A Combined Theoretical and Experimental Study of the Reaction Products of Laser-Ablated Thorium Atoms with CO: First Identification of the CThO, CThO-, OThCCO, OTh(η3-CCO), and Th(CO)n (n = 1−6) Molecules

Abstract

Laser-ablated thorium atoms have been reacted with CO molecules during condensation in excess neon. Absorptions at 617.7 and 812.2 cm^-1 are assigned to Th−C and Th−O stretching vibrations of the CThO molecule. Absorptions at 2048.6, 1353.6, and 822.5 cm^-1 are assigned to the OThCCO molecule, which is formed by CO addition to CThO and photochemical rearrangement of Th(CO)₂. The OThCCO molecule undergoes further photoinduced rearrangement to OTh(η³-CCO), which is characterized by C−C, C−O, and Th−O stretching vibrations at 1810.8, 1139.2, and 831.6 cm^-1. The Th(CO)_n (n = 1−6) complexes are formed on deposition or on annealing. Evidence is also presented for the CThO^- and Th(CO)₂^- anions, which are formed by electron capture of neutral molecules. Relativistic density functional theory (DFT) calculations of the geometry structures, vibrational frequencies, and infrared intensities strongly support the experimental assignments.
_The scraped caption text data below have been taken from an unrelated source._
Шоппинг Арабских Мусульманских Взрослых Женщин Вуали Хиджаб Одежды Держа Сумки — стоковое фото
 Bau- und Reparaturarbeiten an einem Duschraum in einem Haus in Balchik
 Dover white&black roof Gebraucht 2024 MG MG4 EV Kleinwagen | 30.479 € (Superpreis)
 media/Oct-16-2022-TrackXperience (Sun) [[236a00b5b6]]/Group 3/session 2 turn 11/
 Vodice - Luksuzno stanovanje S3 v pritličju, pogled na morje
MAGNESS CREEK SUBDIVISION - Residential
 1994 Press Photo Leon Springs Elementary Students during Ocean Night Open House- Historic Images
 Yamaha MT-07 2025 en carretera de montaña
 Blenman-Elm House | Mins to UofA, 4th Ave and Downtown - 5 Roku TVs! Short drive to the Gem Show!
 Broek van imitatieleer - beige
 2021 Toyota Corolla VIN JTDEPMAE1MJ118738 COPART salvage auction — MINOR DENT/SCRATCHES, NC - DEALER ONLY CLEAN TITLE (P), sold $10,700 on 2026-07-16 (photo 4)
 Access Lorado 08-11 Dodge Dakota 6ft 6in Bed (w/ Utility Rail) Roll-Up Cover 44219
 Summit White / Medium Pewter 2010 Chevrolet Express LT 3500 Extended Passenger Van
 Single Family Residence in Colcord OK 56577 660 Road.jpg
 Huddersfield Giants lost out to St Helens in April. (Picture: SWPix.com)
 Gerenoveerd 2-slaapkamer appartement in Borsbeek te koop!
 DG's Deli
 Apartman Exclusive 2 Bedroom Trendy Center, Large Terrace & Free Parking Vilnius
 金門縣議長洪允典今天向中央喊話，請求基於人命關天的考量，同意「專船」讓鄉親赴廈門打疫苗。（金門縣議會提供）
It is found that CThO is an unprecedented actinide-containing carbene molecule with a triplet ground state and an unusual bent structure (∠CThO = 109°). The OThCCO molecule has a bent structure while its rearranged product OTh(η³-CCO) is found to have a unique exocyclic structure with side-bonded CCO group. We also find that both Th(CO)₂ and Th(CO)₂^- are, surprisingly, highly bent, with the ∠C−Th−C bond angle being close to 50°; the unusual geometries are the result of extremely strong Th-to-CO back-bonding, which causes significant three-centered bonding among the Th atom and the two C atoms.